How many of us long for days that feel less chaotic, more in control of our domain and just a general feeling of overall contentment with our life?
This doesn’t mean that you’re living in a deep depression or that you feel miserable day in and day out – because that would warrant a little more attention than what I’m suggesting here, but, what if you took the desire to change small things in your life in an effort to make your whole life feel more at peace?
Well, that’s exactly what Gretchen Rubin did when she began her Happiness Project.
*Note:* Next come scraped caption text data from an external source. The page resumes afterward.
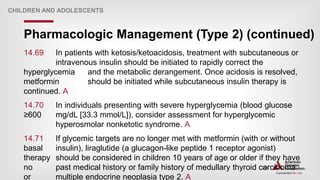 | 188
Pharmacologic Management (Type 2) (continued)
CHILDREN AND ADOLESCENTS
14.69 In patients with ketosis/ketoacidosis, treatment with subcutaneous or
intravenous insulin should be initiated to rapidly correct the
hyperglycemia and the metabolic derangement. Once acidosis is resolved,
metformin should be initiated while subcutaneous insulin therapy is
continued. A
14.70 In individuals presenting with severe hyperglycemia (blood glucose
≥600 mg/dL [33.3 mmol/L]), consider assessment for hyperglycemic
hyperosmolar nonketotic syndrome. A
14.71 If glycemic targets are no longer met with metformin (with or without
basal insulin), liraglutide (a glucagon-like peptide 1 receptor agonist)
therapy should be considered in children 10 years of age or older if they have
no past medical history or family history of medullary thyroid carcinoma
or multiple endocrine neoplasia type 2. A
 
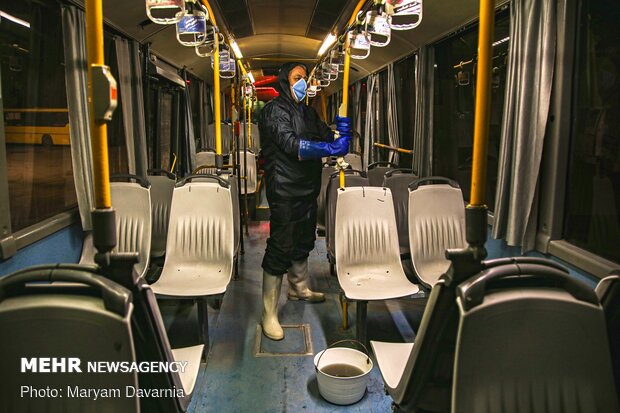 Public transportation fleet in Bojdnourd  disinfecting amid coronavirus anxiety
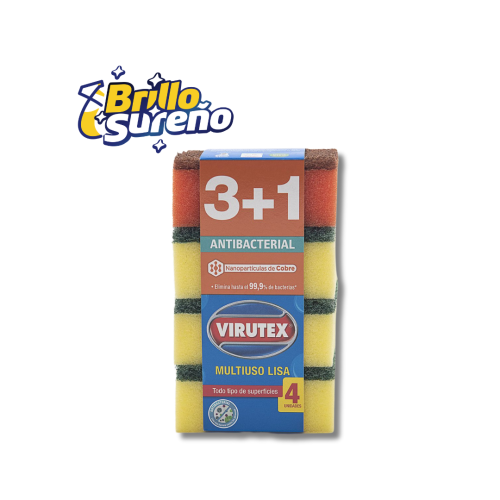 Esponja lisa antibacterial Virutex 4 unidades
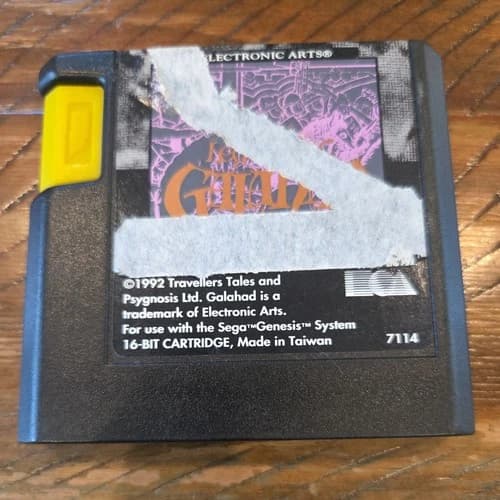 Galahad (Sega Genesis, 1992) Authentic Game Cartridge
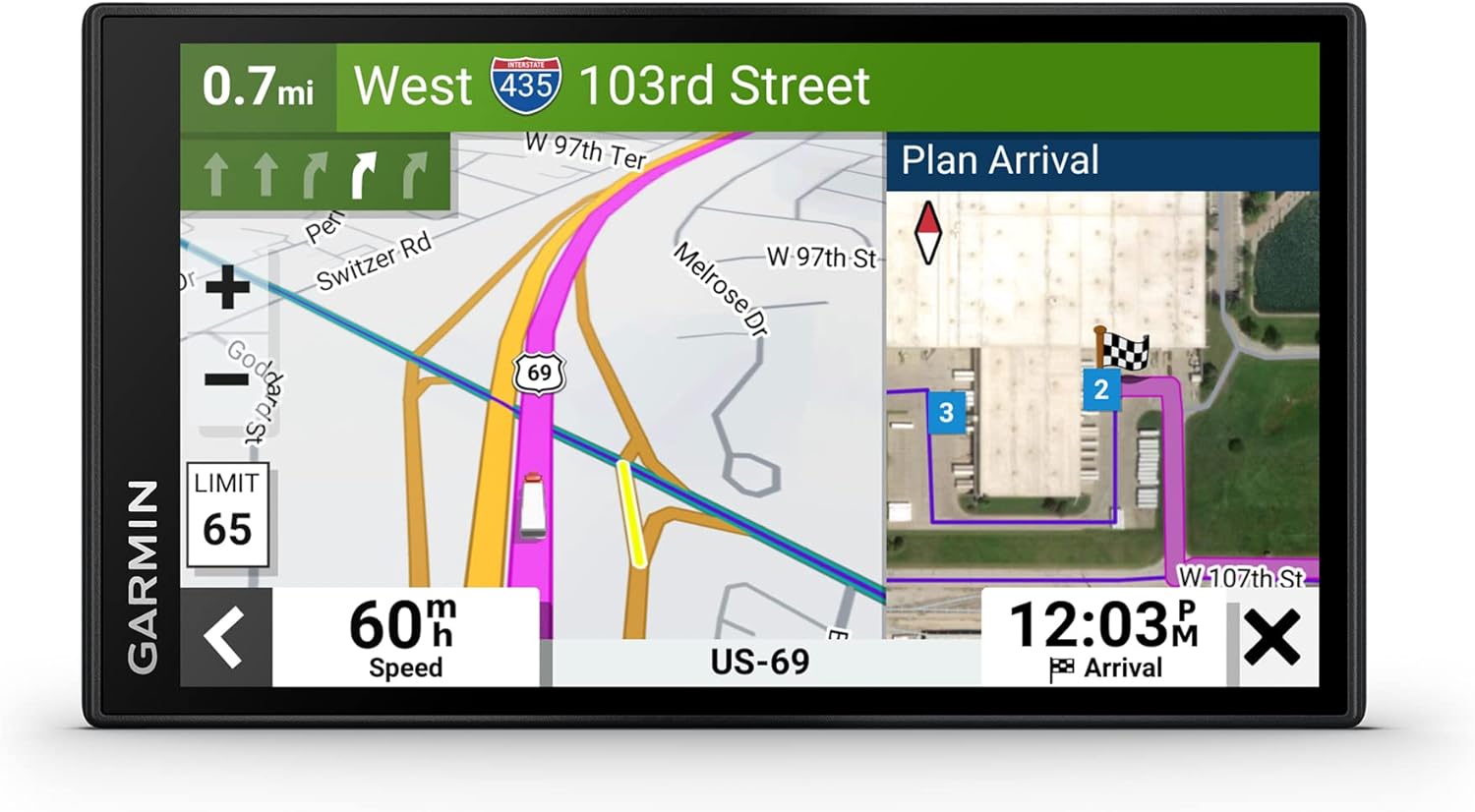 Garmin dzl OTR610, navegador GPS grande y fácil de leer para camiones de 6 pulgadas, enrutamiento personalizado para camiones, imágenes satelitales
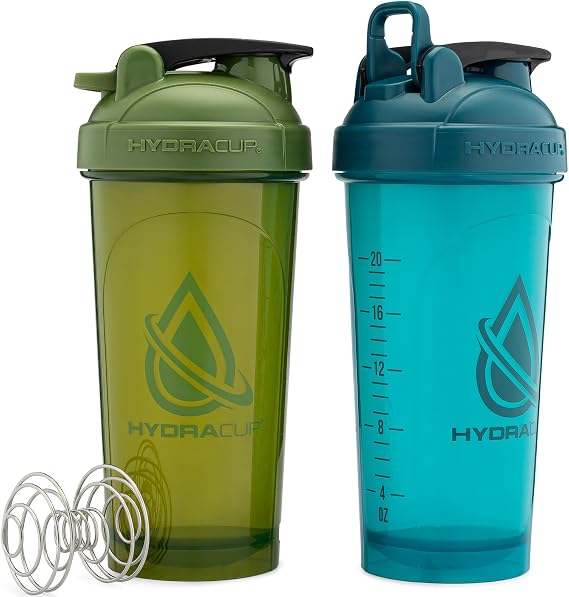 Hydra Cup 2 Pack 28oz Protein Shaker Bottles, Barbell Blender Wire Mixer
Gretchen realized that while she had all the trappings of a lovely life, she was feeling discontent even still, and that her life had elements that warranted improvement and simplifying. So, as she put it, she embarked on a year:
…trying to sing in the morning, clean my closets, fight right, read Aristotle and generally have more fun.
She explores this journey of improving the simple things in her life in an effort to improve her overall happiness over the course of a year by implementing a standard set of “commandments” that were personal to her.
She encourages her readers to join her through her journey as a way to figure out how to go about their own Happiness Project, making note that each project will look different.
Just this year, Gretchen put out another installment of this successful book called Happiness at Home where she explores focusing on being happier through tackling the place where she and her family spend the most time, their home.
She makes an important note that while you can encourage the family to do some things, the Happiness Project isn’t about changing the way others do things, it’s about changing yourself and the way you either tackle things or perceive them.
I totally dig that.
Now, I haven’t embarked on my own full blown Happiness Project, but the books are in my possession and I’m excited at the potential to bring more happiness my way by make simple changes in my life, like getting more sleep, cleaning out a closet or two and making it a point to do joyful things each and everyday.
If you’re interested in finding out more, you can go to Gretchen’s website where she posts regularly on the idea of a Happiness Project and even offers free printables to help you achieve the goal of starting your own personalized project.
Could you use a happiness boost? Would you start a Happiness Project to get yourself there?